The State of Judaea: A Retraction
Now... I'm on the right hand side of the bell curve when it comes to intelligence and problem solving abilities. I always have been. I see patterns. And a thought occurred to me. There was no way, I thought to myself, that we were ever going to be able to change Israel into a real Jewish state, where real Jewish values reigned supreme, and where the pathetic rulers of the state didn't want to rub up against the legs of the heads of the US and Europe and get petted and scritched behind the ear.
And I thought about how similar modern Israel is to the ancient kingdom of Israel, which consisted of the northern 10 tribes, and which was Jewish, but not so very Jewish. Where they prayed to God, but they also prayed to Baal, because that's what everyone did. But back then, there was another kingdom of Jews, and it was called Judah, or Judea. It was a kingdom ruled by the House of King David, where more than just lip service was given to the Torah.
Maybe, I thought, it was necessary to reverse the historical progression in order to get back to a united kingdom like that of David and Solomon. Maybe what we needed to do was create a State of Judaea in Judea, Samaria and Gaza. A state which would be a real Jewish state. Maybe that would create an example which would lead to other faithful Jews in the region joining us, and eventually bringing us back to the Torah.
I was excited about this idea, so I sat down and wrote a letter to Rabbi Kahane, detailing it.
That was about 1983 or so. In 1987, I made aliya, and in January 1989, a kenes (convention?) was held in the Binyanei HaUmma convention center to declare the State of Judaea. I never spoke with Rabbi Kahane about whether he had thought of it before I'd written to him, because it didn't really matter. I was just glad to see things getting under way.

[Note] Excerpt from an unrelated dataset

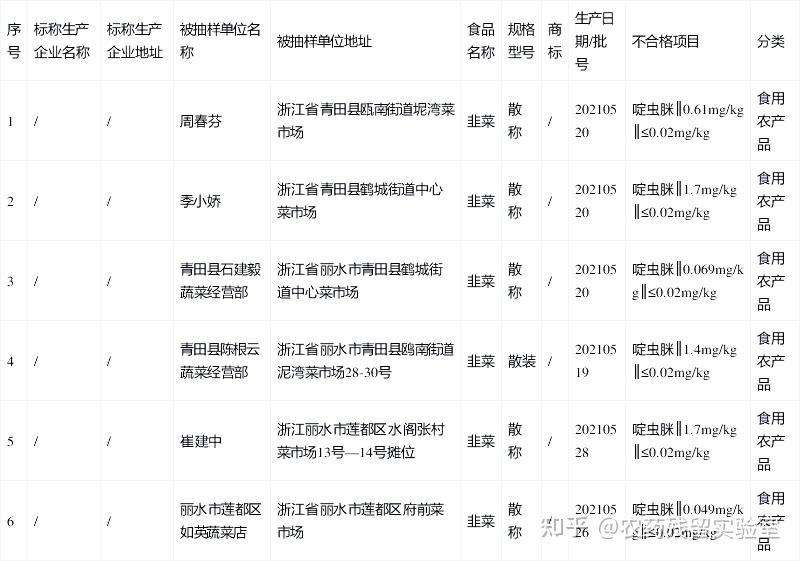 浙江丽水市市场监管局6批次食用农产品农药残留超标
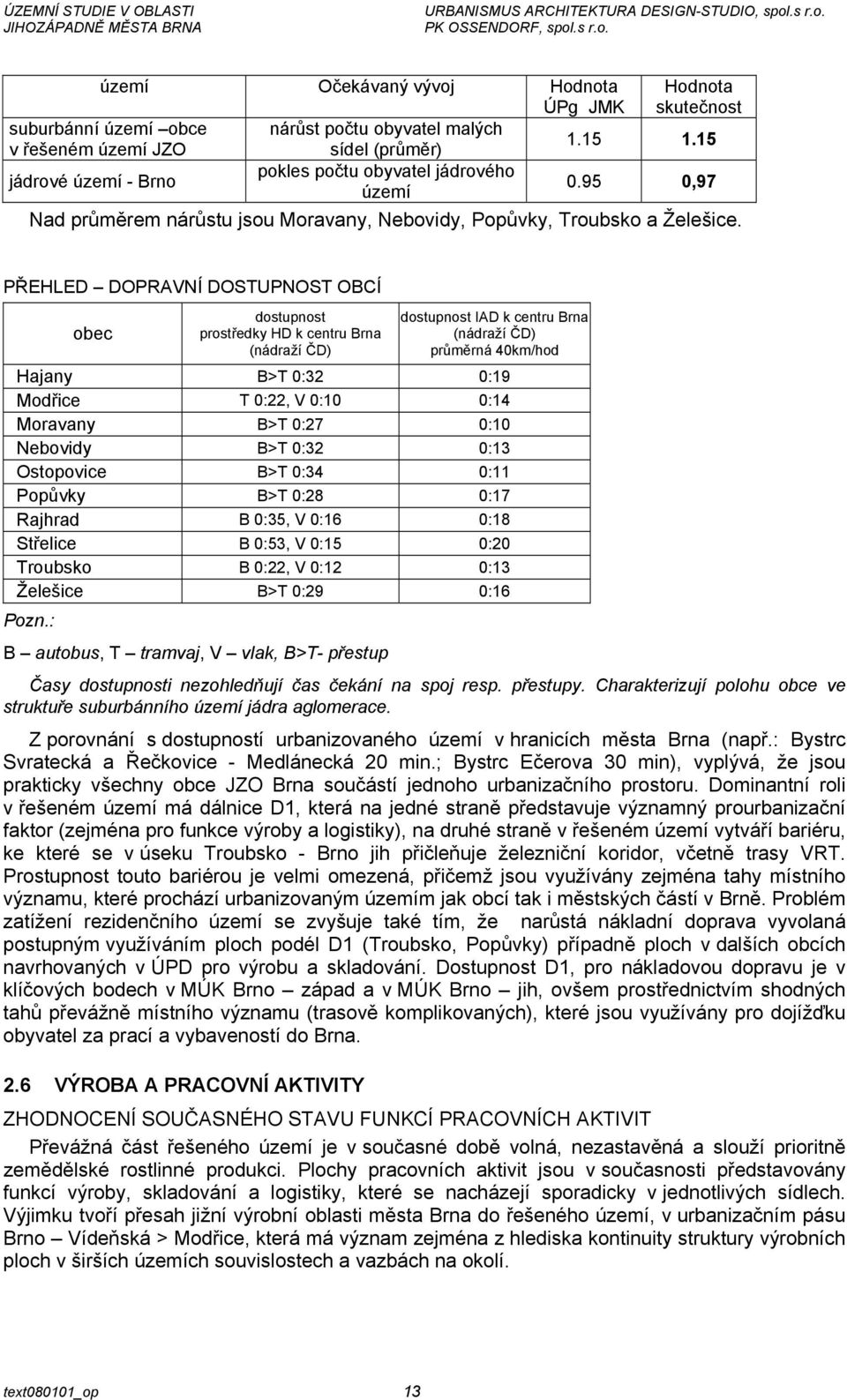 PŘEHLED DOPRAVNÍ DOSTUPNOST OBCÍ obec dostupnost prostředky HD k centru Brna (nádraží ČD) dostupnost IAD k centru Brna (nádraží ČD) průměrná 40km/hod Hajany B>T 0:32 0:19 Modřice T 0:22, V 0:10 0:14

The gathering was a little disappointing. Rabbi Kahane stood up and said, "We don't want there to be a State of Judaea. We want Israel to annex the territories. But immediately after he spoke, another rabbi there stood and said, "I disagree. I think we should have a State of Judaea, period. Let us annex Israel eventually." He got quite a round of applause for that.
Well, the idea never really went anywhere. It was never really taken seriously. And now... I want to retract the idea altogether, for whatever good that'll do. Because you see, my basic premise is no longer true. My basic premise was that there was no way the modern State of Israel would ever be brought around to be a real Jewish state. A state with a truly Jewish outlook. But that was before Moshe Feiglin and Manhigut Yehudit arrived on the scene. Now we really do have a chance of turning Israel around. And that being the case, the State of Judaea is wholly unnecessary.